_What the exercise asks_
From the line containing "New Era ニューエラ" through the last line of the entries, set down every line exactly and add nothing.

____________________

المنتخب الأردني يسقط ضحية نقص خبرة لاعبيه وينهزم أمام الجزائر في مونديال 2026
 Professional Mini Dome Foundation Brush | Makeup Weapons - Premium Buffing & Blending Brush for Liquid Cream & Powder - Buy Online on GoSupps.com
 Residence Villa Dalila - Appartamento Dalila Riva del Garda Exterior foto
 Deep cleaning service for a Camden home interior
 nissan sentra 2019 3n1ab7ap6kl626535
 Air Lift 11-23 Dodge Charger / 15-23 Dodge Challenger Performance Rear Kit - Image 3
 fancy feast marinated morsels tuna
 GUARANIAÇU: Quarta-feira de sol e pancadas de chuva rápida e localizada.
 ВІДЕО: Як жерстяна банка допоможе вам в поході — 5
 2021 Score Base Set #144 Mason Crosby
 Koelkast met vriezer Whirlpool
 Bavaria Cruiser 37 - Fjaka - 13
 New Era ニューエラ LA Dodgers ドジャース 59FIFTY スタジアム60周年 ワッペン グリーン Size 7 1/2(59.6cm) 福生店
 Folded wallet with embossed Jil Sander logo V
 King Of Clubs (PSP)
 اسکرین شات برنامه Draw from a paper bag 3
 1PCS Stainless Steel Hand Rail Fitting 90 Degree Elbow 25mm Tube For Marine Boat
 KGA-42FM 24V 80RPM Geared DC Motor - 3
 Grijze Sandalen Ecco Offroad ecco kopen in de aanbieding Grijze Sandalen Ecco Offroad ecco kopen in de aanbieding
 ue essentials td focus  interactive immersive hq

____________________

_Exercise solution_
 New Era ニューエラ LA Dodgers ドジャース 59FIFTY スタジアム60周年 ワッペン グリーン Size 7 1/2(59.6cm) 福生店
 Folded wallet with embossed Jil Sander logo V
 King Of Clubs (PSP)
 اسکرین شات برنامه Draw from a paper bag 3
 1PCS Stainless Steel Hand Rail Fitting 90 Degree Elbow 25mm Tube For Marine Boat
 KGA-42FM 24V 80RPM Geared DC Motor - 3
 Grijze Sandalen Ecco Offroad ecco kopen in de aanbieding Grijze Sandalen Ecco Offroad ecco kopen in de aanbieding
 ue essentials td focus  interactive immersive hq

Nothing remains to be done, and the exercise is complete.